The Vac-U-Form

The Vac-U-Form

You want to keep a kid absolutely entertained? Give him (or her) something they can make their OWN toys with.

That was the premise of the Mattel Vac-U-Form. It was a very sophisticated little manufacturing system which would allow kids of the 60’s to create their own plastic molded toys, using the very same process that produces bathtubs, windshields, and countless other everyday items these days.

The Vac-U-Form used plastic sheets that were heated via the same mechanism that would later power the Fright Factory, i.e. a hot oven that would make modern-day ambulance chasing, mass-media advertising shysters drool with delight. The sheets would be drawn by manually creating a vacuum over molds that would allow kids to create some amazingly cool toys and gewgaws.

My memories of the Vac-U-Form were solely of the cool name and the fact that my first best friend’s older brother had one, or so I thought. Then I watched the featured YouTube commercial and I recalled the trademark line “What can you do with a Vac-U-Form?”

The many parts of a Vac-U-Form

The fact is that you could do an amazing variety of tasks. Built-in extras allowed you to make miniature signs with included letters, a glider that would launch with a rubber band, a cool little race car, put-the-balls-in-the-holes games like you might find in a Cracker Jack box, and, most stupendous of all, YOUR OWN CREATIONS.

You could take modeling clay, mold it into a positive mold, and draw the heated plastic over it to create anything you wanted! Such power in the minds of creative youngsters no doubt launched many a successful engineer and artist.

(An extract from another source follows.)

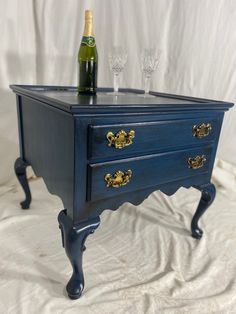 a blue table with two wine glasses on it and a bottle in the top drawer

The Vac-U-Form was aimed at a more sophisticated youthful demographic than mine. What I mean by that is that my buddy’s older brother (probably ten) could handle it. But seven-year-old Ronnie Enderland was more suited for the aforementioned Fright Factory.

It was kismet that someday I would attain Vac-U-Form-worthy wisdom, but alas, the product ceased being manufactured before I ever had a chance to get my hands on one. Ergo, I had to settle for chemistry sets.

So here’s to yet another creative, fun, slightly dangerous toy that our parents didn’t buy for us until we were mature enough to handle it. If we burned ourselves, it was a valuable lesson to be learned, not an excuse to call a sleazy lawyer.